Até mesmo por isso, tratando-se de instituto de ordem eminentemente processual, Carlos Henrique BEZERRA LEITE sustenta que deve “o juiz reconhecê-lo de ofício e apurar a responsabilidade nos mesmos autos do processo em que for constatado este ato atentatório à dignidade da Justiça”[13]. Ou seja, tão repudiada a conduta do devedor que tenta fraudar a execução, que sequer se faz necessária a manifestação do credor para que seja declarado ineficaz o ato danoso praticado.
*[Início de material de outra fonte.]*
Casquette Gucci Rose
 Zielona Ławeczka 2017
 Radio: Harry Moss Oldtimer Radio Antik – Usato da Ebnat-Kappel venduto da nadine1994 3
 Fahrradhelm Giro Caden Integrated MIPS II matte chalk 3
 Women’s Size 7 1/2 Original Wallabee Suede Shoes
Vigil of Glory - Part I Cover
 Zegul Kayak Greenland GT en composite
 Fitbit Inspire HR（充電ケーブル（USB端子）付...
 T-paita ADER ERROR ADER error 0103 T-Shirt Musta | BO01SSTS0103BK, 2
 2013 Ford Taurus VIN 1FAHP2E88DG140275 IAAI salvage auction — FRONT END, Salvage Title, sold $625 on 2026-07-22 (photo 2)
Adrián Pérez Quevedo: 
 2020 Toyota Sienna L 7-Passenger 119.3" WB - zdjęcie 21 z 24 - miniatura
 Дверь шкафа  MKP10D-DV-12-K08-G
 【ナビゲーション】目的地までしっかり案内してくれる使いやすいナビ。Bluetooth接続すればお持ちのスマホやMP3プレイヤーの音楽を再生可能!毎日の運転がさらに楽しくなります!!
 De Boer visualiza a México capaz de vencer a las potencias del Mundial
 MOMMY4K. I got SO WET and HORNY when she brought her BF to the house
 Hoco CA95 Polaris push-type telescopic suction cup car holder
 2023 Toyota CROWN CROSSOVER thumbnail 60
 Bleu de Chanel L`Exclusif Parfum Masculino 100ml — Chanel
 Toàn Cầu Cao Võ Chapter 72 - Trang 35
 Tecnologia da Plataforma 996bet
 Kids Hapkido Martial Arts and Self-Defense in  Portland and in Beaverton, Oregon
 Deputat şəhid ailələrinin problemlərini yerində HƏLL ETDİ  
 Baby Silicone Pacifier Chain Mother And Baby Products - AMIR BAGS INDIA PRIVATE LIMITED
E neste ponto, é relevante mencionar que o CPC de 2015 adotou a teoria de que, tendo o negócio jurídico sido realizado na forma prevista no inciso IV do artigo 792 do CPC, a fraude à execução é presumida, surtindo efeitos perante terceiros (em especial, os adquirentes dos bens objetos da declaração de fraude à execução), o que demonstra a necessidade de terceiros serem suficientemente diligentes ao ponto de analisar a existência de ações judiciais em trâmite em face do devedor antes da realização deste tipo de negócio jurídico, o que posteriormente poderá comprovar sua boa-fé na aquisição dos bens. O ônus da prova com relação à inexistência da fraude, portanto, é do devedor e/ou do terceiro interessado que adquiriu os bens, o que, na prática, tem conferido grande efetividade ao instituto. Confira-se decisões sobre o tema:
“Ementa: AGRAVO DE PETIÇÃO. FRAUDE À EXECUÇÃO. VENDA DE IMÓVEL APÓS A DESCONSIDERAÇÃO DA PERSONALIDADE JURÍDICA Incorre em fraude à execução, com má-fé presumida, a venda de imóvel de propriedade do sócio executado após a decisão judicial que desconsiderou a personalidade jurídica da empresa com observância dos termos do artigo 79 da na Consolidação dos Provimentos da Corregedoria Geral da Justiça do Trabalho. Agravo de petição que se dá provimento.” (TRT-2 – AP: 00019803920145020089 SP 00019803920145020089 A28, Relator: CELSO RICARDO PEEL FURTADO DE OLIVEIRA, Data de Julgamento: 25/02/2015, 2ª TURMA, Data de Publicação: 04/03/2015)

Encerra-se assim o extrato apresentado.